(Problem description) Would you set down the lines running from the one that holds "Beauty Esthetic Show (BES) e" to the final line of the listing, both included, exactly and with no others?

(Information supplied)
########

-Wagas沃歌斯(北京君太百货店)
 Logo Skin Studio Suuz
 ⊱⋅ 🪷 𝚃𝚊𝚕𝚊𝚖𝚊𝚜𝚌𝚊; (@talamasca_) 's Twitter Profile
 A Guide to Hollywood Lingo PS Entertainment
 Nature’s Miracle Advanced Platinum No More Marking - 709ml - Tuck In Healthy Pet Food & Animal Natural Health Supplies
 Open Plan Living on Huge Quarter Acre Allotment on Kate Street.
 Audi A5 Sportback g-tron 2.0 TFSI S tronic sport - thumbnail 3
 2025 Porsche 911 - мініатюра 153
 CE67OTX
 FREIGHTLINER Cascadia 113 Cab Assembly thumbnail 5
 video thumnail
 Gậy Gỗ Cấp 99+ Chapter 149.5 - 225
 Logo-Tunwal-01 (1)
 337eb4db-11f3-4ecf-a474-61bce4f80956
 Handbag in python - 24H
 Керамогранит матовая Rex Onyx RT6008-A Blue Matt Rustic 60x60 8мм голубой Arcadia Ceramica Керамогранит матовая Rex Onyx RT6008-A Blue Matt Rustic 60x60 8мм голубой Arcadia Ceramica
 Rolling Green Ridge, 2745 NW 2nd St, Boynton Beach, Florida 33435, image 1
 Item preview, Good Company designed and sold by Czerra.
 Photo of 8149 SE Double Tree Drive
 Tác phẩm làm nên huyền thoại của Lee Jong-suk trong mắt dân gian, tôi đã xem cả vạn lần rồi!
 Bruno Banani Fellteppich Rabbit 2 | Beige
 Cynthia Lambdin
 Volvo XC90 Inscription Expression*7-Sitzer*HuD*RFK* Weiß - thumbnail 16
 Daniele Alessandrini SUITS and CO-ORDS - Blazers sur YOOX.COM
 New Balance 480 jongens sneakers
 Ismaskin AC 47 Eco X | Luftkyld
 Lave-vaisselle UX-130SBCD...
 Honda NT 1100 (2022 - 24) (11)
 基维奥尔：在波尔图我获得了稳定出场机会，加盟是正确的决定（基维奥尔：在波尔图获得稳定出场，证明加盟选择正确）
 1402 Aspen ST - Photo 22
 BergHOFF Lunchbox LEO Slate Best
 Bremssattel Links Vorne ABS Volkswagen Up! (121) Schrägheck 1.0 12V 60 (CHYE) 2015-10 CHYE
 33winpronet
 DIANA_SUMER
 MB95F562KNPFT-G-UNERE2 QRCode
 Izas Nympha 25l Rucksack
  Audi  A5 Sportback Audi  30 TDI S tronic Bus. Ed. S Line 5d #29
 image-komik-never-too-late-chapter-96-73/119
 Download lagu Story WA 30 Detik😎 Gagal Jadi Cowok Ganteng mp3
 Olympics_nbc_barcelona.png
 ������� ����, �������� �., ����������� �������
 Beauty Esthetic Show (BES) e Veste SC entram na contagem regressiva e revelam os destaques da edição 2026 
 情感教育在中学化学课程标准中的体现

########

(Written response)
 Beauty Esthetic Show (BES) e Veste SC entram na contagem regressiva e revelam os destaques da edição 2026 
 情感教育在中学化学课程标准中的体现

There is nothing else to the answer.